ANOTAÇÃO EM DIÁRIO
Bem, bem, bem. Adivinhe quem voltou? Nick Dunne, o rapaz da festa do Brooklyn, do beijo
na nuvem de açúcar, o desaparecido. Oito meses, duas semanas, dois dias, nenhuma palavra, e de
repente ele ressurge, como se fosse tudo parte do plano. Parece que ele tinha perdido o número
do meu telefone. O celular dele estava sem bateria, então ele o anotara em um post-it. Depois
enfiara o post-it no bolso da calça jeans e jogara a calça na máquina de lavar, e isso transformou
o post-it em uma espécie de massa em forma de ciclone. Ele tentou desenrolar, mas só conseguiu
ver um 3 e um 8. (Ele disse.)
E depois ficou atolado de trabalho, e então já era março e constrangedoramente tarde demais
para tentar me encontrar. (Ele disse.)
Claro que eu estava com raiva. Eu tinha ficado com raiva. Mas agora não estou. Vamos ver a
cena. (Ela disse). Hoje. Rajadas de vento de setembro. Estou caminhando pela Sétima Avenida,
aproveitando a hora do almoço para contemplar as bancas das mercearias — intermináveis
recipientes plásticos com melões, verdes e amarelos, colocados sobre gelo como se fossem a
pesca do dia —, e posso sentir um homem grudado em mim enquanto eu avanço, então olho o
intruso com o canto do olho e me dou conta de quem é. É ele. O rapaz de “Conheci um rapaz!”.

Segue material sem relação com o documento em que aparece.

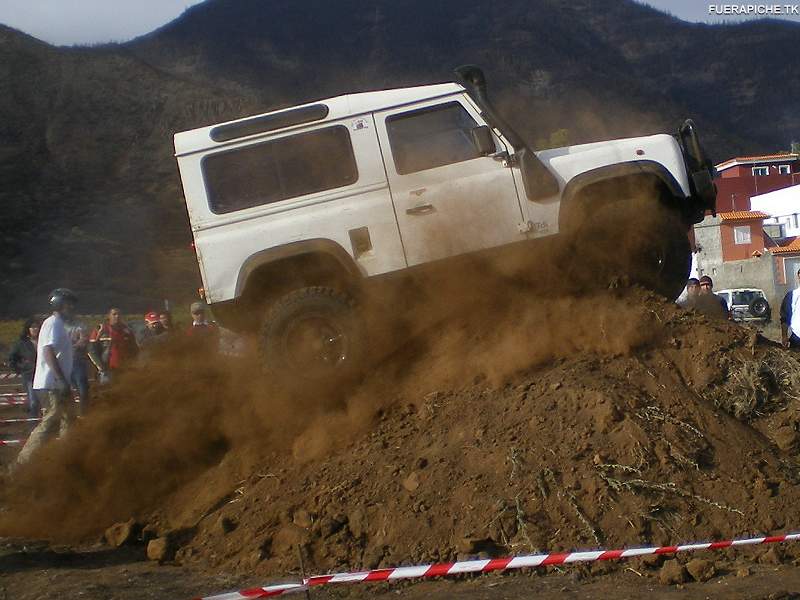 Land Rover Defender 90 trial 4x4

Eu não reduzi o passo, apenas olhei para ele e disse:
a) “Conheço você?” (manipuladora, desafiadora)
b) “Ah, puxa, que bom ver você!” (ansiosa, submissa)
c) “Vá se foder.” (agressiva, amarga)
d) “Bem, você certamente não apressa as coisas, não é, Nick?” (leve, brincalhona, relaxada)
Resposta: D.
E agora estamos juntos. Juntos, juntos. Foi fácil assim.
É interessante, o timing. Propício, caso prefira. (E eu prefiro.) Ontem à noite foi o
lançamento do livro dos meus pais, Amy Exemplar e o grande dia. É, Rand e Marybeth não
puderam resistir. Deram à homônima de sua filha o que não podiam dar à filha: um marido! Sim,
no vigésimo livro, Amy Exemplar se casa! Uhuuu. Ninguém se importa. Ninguém queria que Amy
Exemplar crescesse, muito menos eu. Deixem-na de meias três-quartos, fitas nos cabelos, e me
deixem crescer, sem ser atrapalhada pelo meu alter ego literário, minha metade melhorada
envolta em papel, o eu que eu deveria ser.
Mas Amy é o ganha-pão dos Elliott, e nos serviu bem, então suponho que não devo invejar
seu par perfeito. Ela está se casando com o bom e velho Andy, o Capaz, claro. Eles serão
exatamente como meus pais: felizes, felizes.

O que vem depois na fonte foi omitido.